Typical Tasks#

Unsupervised machine learning algorithms extract information from data sets without the need for examples of the information to extract. The algorithm determines what to extract and humans have to interpret the extracted information to obtain insights into the data. Thus, it’s very easy to collect data sets suitable for unsupervised learning, but interpretation of results may be difficult.

Unsupervised learning is an extremely wide field. Here we focus on clustering and also consider dimensionality reduction. Further, we’ll have a first glance at generative models. But there exist other subfields, too, anomaly detection and association analysis for instance. Most techniques can be applied to different tasks.

Like for supervised learning we denote the data space by \(X\) and the items of the data set under consideration by \(x_1,\ldots,x_n\). Almost always we will have \(X=\mathbb{R}^m\). Again we need a training data set for fitting a model. Validation and test sets are used for hyperparameter optimization and model evaluation as before.

Clustering#

Clustering aims at finding subsets of similar items in large data sets.

data set with clusters

Fig. 56 How to define the term cluster is not as straight-forward as it seems.#

Details depend on the application in mind.
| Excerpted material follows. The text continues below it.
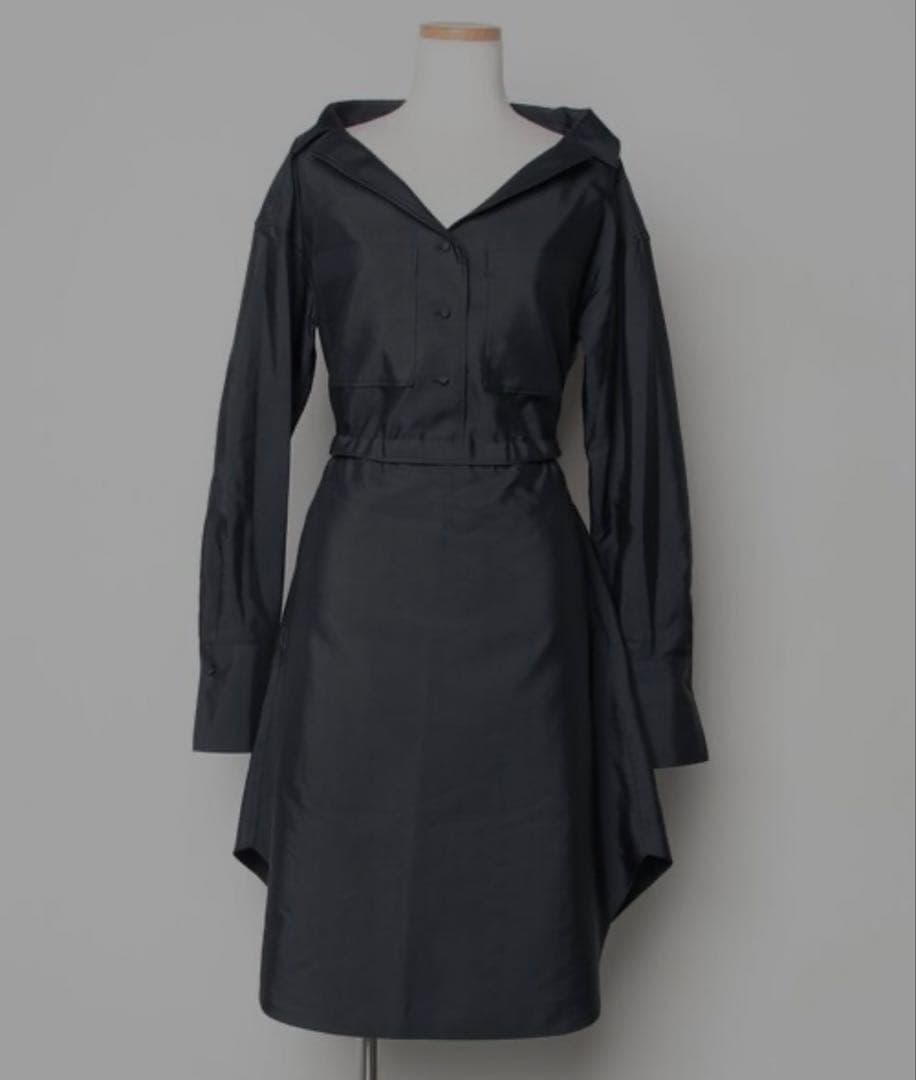 ADEAM シャツワンピース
  • Do we want to find hard clusters (either a sample belongs to a cluster or not) or soft clusters (score/probability for each combination of samples and clusters)?

  • Shall all samples belong to some cluster or do we allow for outliers?
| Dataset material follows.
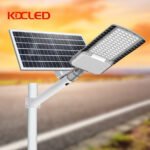 KDC Wholesale Die Casting Solar Powered Led Street Light Split All in Two Ip65 IP66 25w 30w 40W 60W 90W 100w 200w for Projector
  • May clusters overlap (some samples belong to more than one cluster)?

There exist many different approaches for clustering algorithms. Main classes are:

  • Centroid-based algorithms represent each cluster by one point (midpoint or centroid). Which samples belong to which clusters is determined by some rule involving those midpoints.

  • Density-based algorithms look at the distances between samples and define clusters to be subsets of closely spaced samples.
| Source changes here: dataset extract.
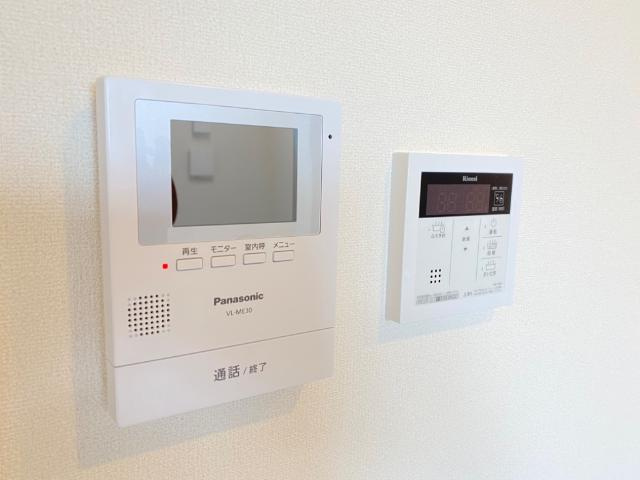 サンシャインヒルのセキュリティ|カメラ付インターホン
  • Distribution-based algorithms represent each cluster be a probability distribution. A sample belongs to the cluster for which the sample’s probability is highest.

  • Hierarchical algorithms generate a sequence of clusterings. Either starting with as many clusters as there are samples (and then coarsening the clustering) or starting with one cluster (and then refining).

Dimensionality Reduction#

Dimensionality reduction tries to reduce the number of features without loosing too much information. We already know principal component analysis as a linear dimensionality reduction technique. Here, ‘linear’ means that the mapping from the high dimensional data space to the lower dimensional space is linear (a matrix).

Nonlinear dimensionality reduction techniques are more powerful, but also much more computationally expensive.

nonlinear dimensionality reduction from 2d to 1d

Fig. 57 Often data is not scattered over the whole space but lives close to a lower dimensional nonlinear manifold.#

Generative Models#

Unsupervised learning algorithms may not only learn to distinguish between similar and dissimilar samples. Some algorithms yield so called generative models. Generative models contain all information necessary to automatically create new samples similar to samples in the training data set.

Generative models can be used for generating natural looking artifical images or for generating art, for instance.